There is a point at which the low incomes and the families in poverty can no longer be explained away as a coincidence.  Rather, it is perpetuated by economic policies built on cheap, low skill labor and on political policies based on low investments in the triggers for change.  It is after all what the system is perfectly designed to achieve.

While we have all the data we need to frame up today’s problems and challenges for tomorrow, it’s the human face of it all that should shame us into action.

Discussions About Discussions

Memphis has no conversation more often than the need to have an honest discussions about the link between race and poverty, family distress, early childhood interventions, declining neighborhoods, urban education, minority-owned businesses, roots of crime, low graduation rates, and low birth weight babies.

But the truth is they are all the same discussion.  But we never have it.

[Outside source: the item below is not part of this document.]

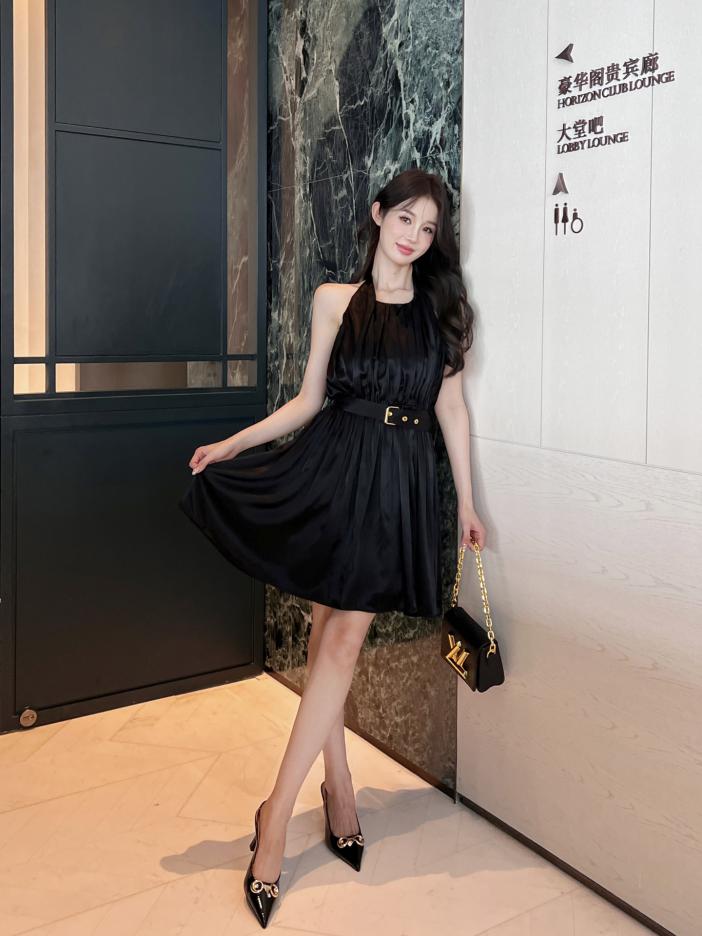 designer,replica,clothing,fake,1:1,lv,luxury,high quality Louis Vuitton spring and summer new pure lust pleated halterneck dress designer,replica,clothing,fake,1:1,lv,luxury,high quality Louis Vuitton spring and summer new pure lust pleated halterneck dress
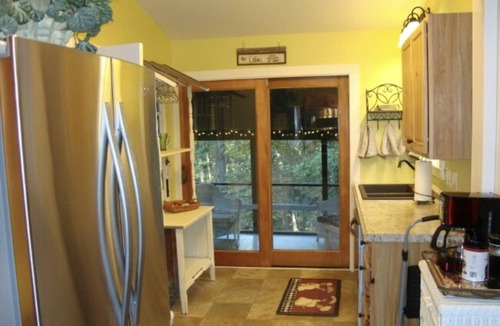 Hendersonville House | Historic Asheville/Hendersonville area Cabin with Hot Tub & Firepit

The bigger truth is that we know what works.

Many of the answers can be found in programs that are already under way, but most are underfunded and largely unknown to mainstream Memphis.  Most of them need opportunities to plug into a larger plan in which connections between initiatives can yield greater returns.  Some of them are producing impressive results, but need to be brought to scale so they touch more of the families who need them, particularly those programs that have been shown to increase the high school graduation rate for youth (such as the 90% high school graduation rate for participants being recorded in some).

Most of us know that Memphis has no margin for error, and that is because too many of its people have no margin for error either.  That’s why it is in the enlightened self-interest of every person in this metro to insist on an agenda of opportunity that attacks poverty and increases opportunity for every citizen of Memphis, and that is the rich promise of the Blueprint for Prosperity.

Preparing for 2019

When concentrated poverty is amplified by challenges like economic segregation, sprawl, and a languishing economy, there is no city in America with greater motivation than Memphis to create a culture of opportunity for every citizen.

Memphis is five years away from celebrating the bicentennial of its founding.  The unanswered question is what kind of community will Memphis be as it enters its third century – one where we are still talking about the problems or one where we have begun to take dramatic action to change the city’s trajectory…and its narrative…and its future.

There’s no argument that the choice is ours.  Sixty-five thousand children living in poverty await the answer.